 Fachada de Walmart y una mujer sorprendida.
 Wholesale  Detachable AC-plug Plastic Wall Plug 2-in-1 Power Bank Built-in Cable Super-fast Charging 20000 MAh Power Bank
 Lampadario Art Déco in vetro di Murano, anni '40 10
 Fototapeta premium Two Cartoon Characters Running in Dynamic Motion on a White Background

==

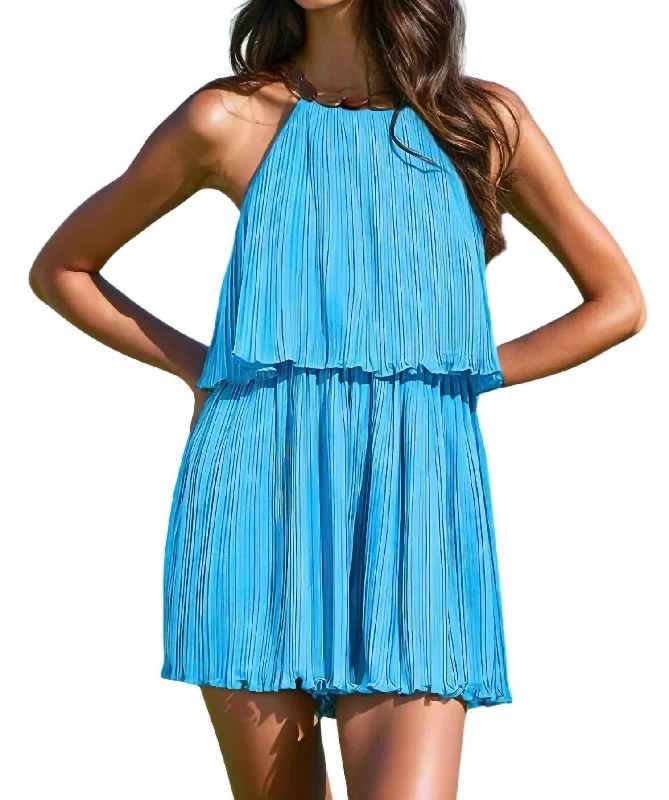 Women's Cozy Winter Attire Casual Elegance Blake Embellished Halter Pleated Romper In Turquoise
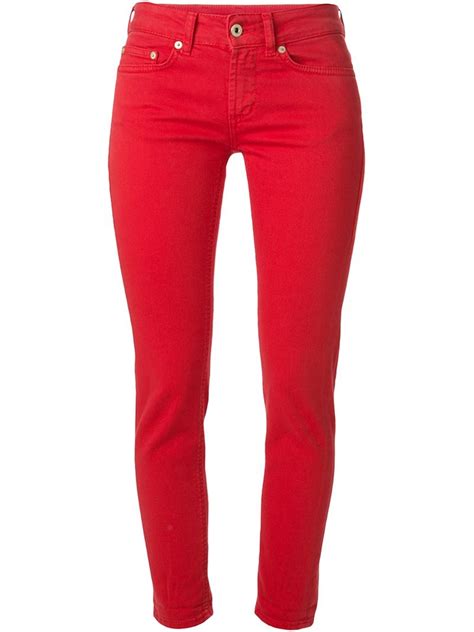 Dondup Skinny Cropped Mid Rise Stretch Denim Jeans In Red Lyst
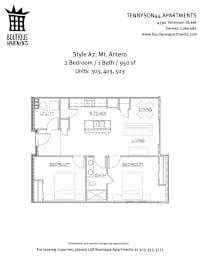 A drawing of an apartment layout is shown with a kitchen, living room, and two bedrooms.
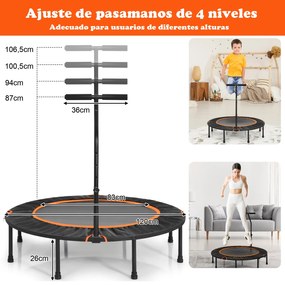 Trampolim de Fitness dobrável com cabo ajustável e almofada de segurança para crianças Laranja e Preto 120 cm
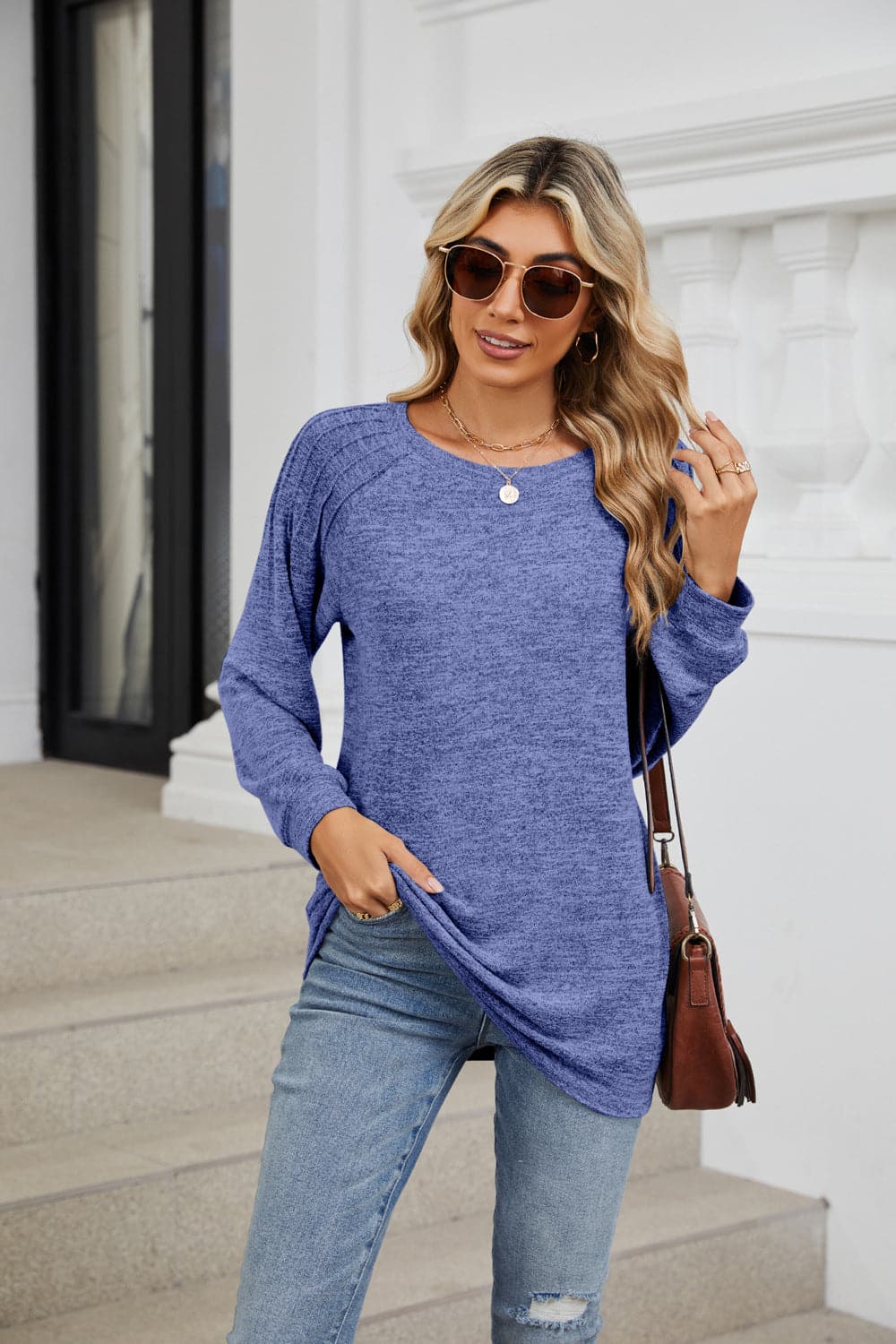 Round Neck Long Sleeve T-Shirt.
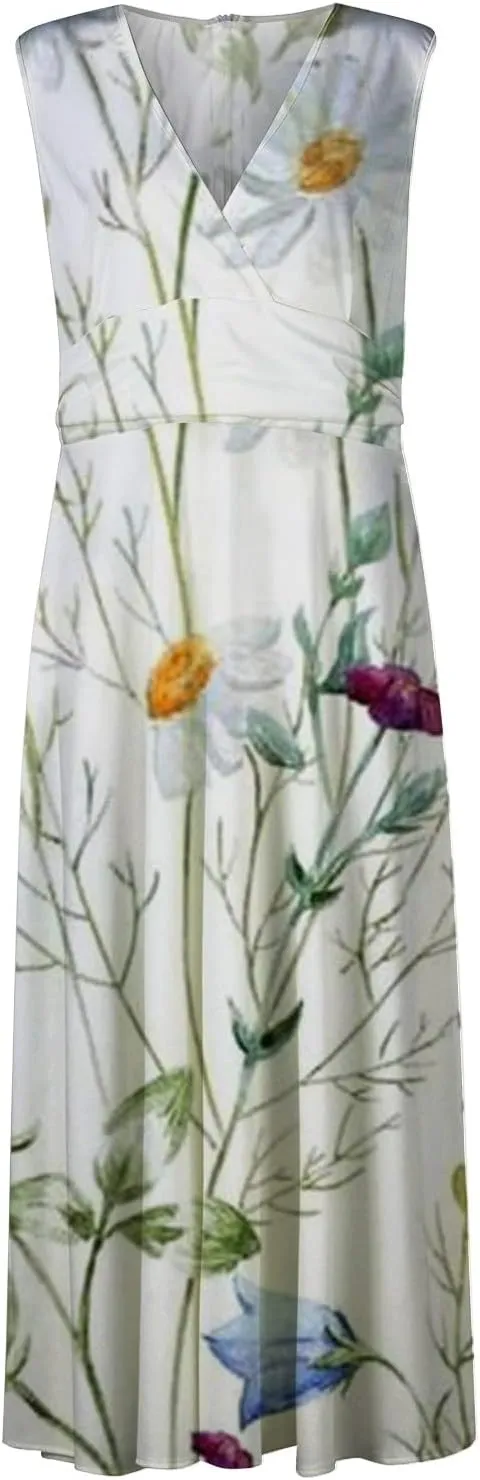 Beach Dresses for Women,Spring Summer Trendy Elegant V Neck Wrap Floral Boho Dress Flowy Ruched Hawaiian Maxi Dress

---

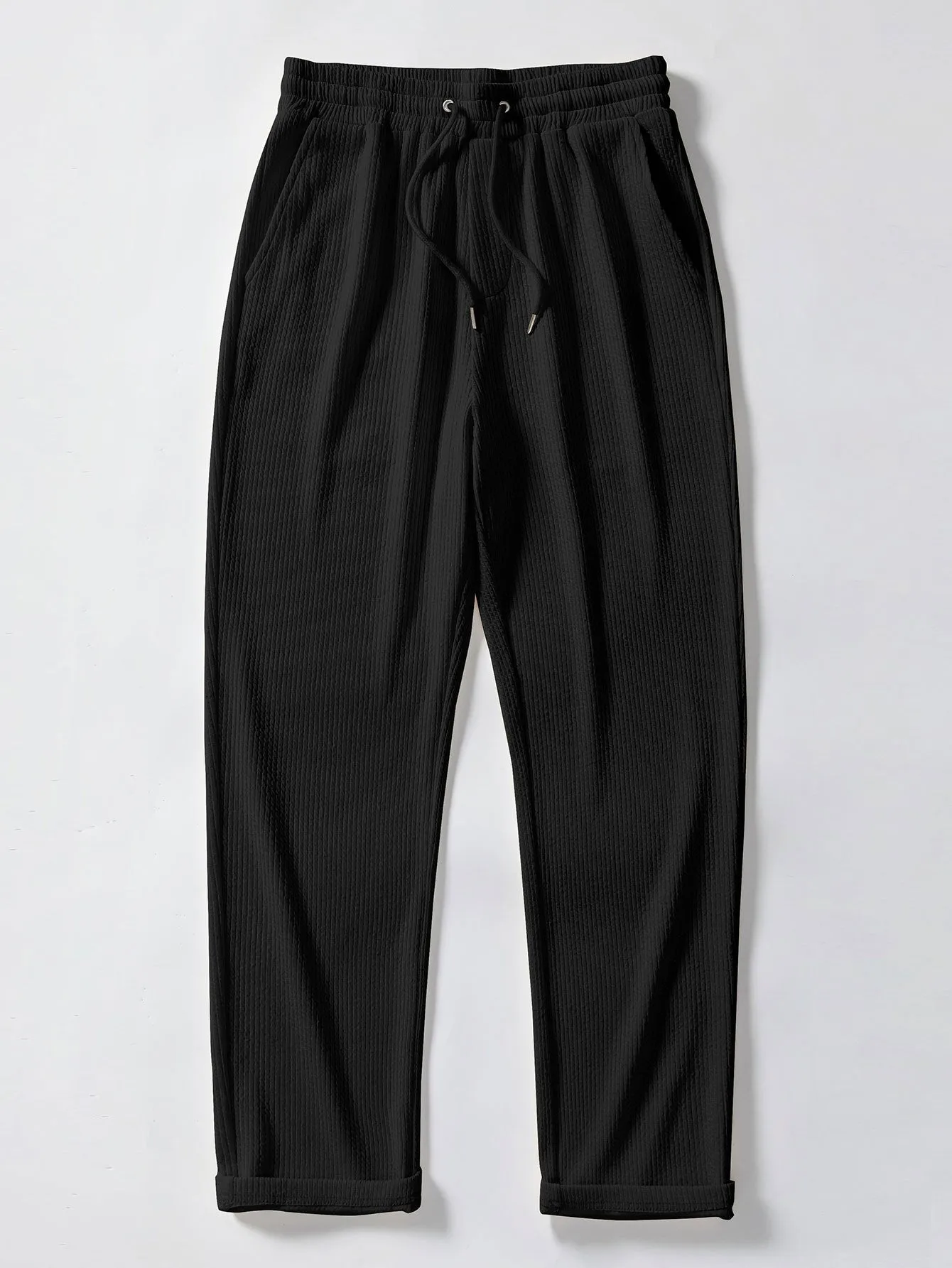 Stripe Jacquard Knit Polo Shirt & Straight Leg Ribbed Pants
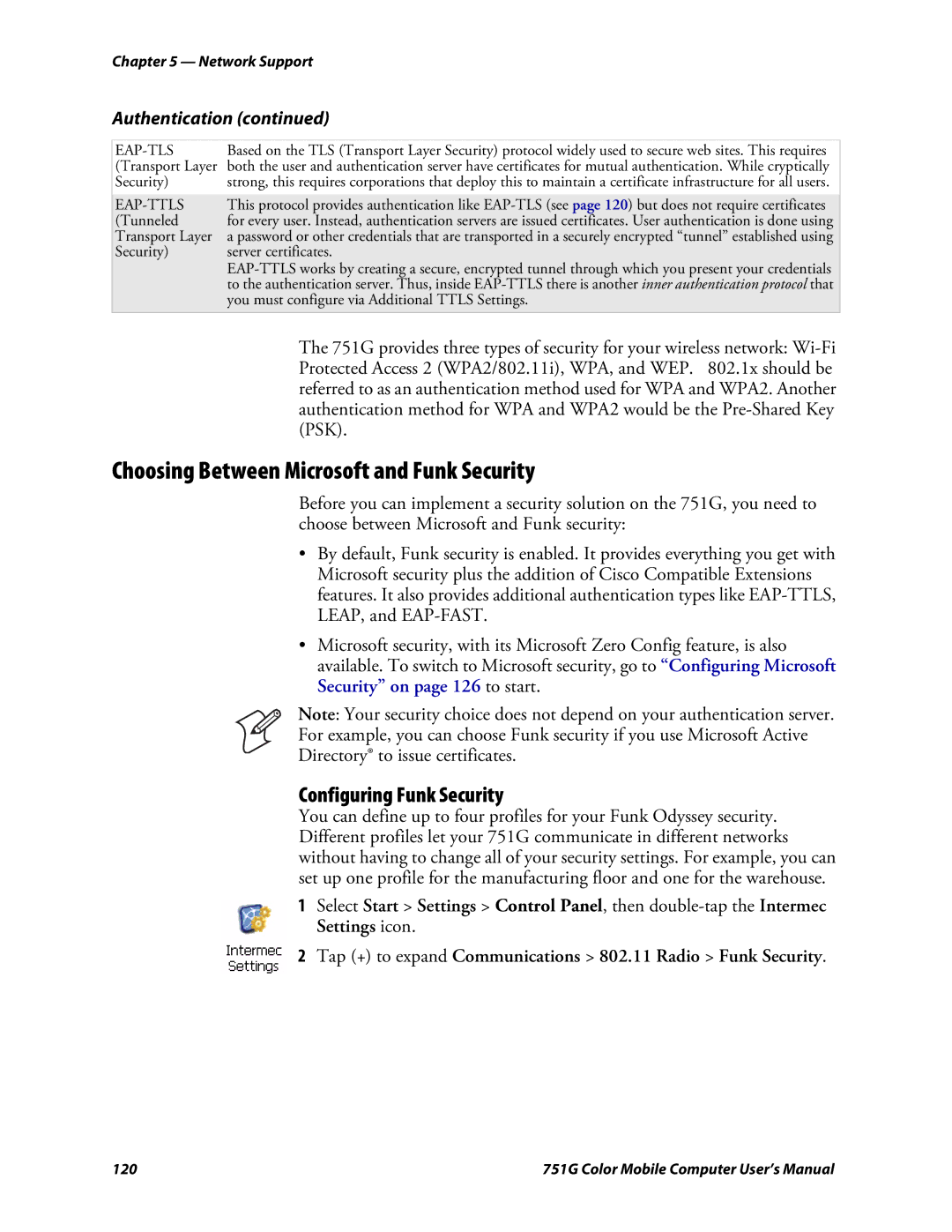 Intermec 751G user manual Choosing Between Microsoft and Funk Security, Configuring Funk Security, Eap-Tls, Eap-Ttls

**ASSIGNMENT**
Once the line with "Fachada de Walmart y una mujer sorprendida." is found in the records above, print exactly that line and every line after it through the line with "Fototapeta premium Two".

**SOLVED EXERCISE**
 Fachada de Walmart y una mujer sorprendida.
 Wholesale  Detachable AC-plug Plastic Wall Plug 2-in-1 Power Bank Built-in Cable Super-fast Charging 20000 MAh Power Bank
 Lampadario Art Déco in vetro di Murano, anni '40 10
 Fototapeta premium Two Cartoon Characters Running in Dynamic Motion on a White Background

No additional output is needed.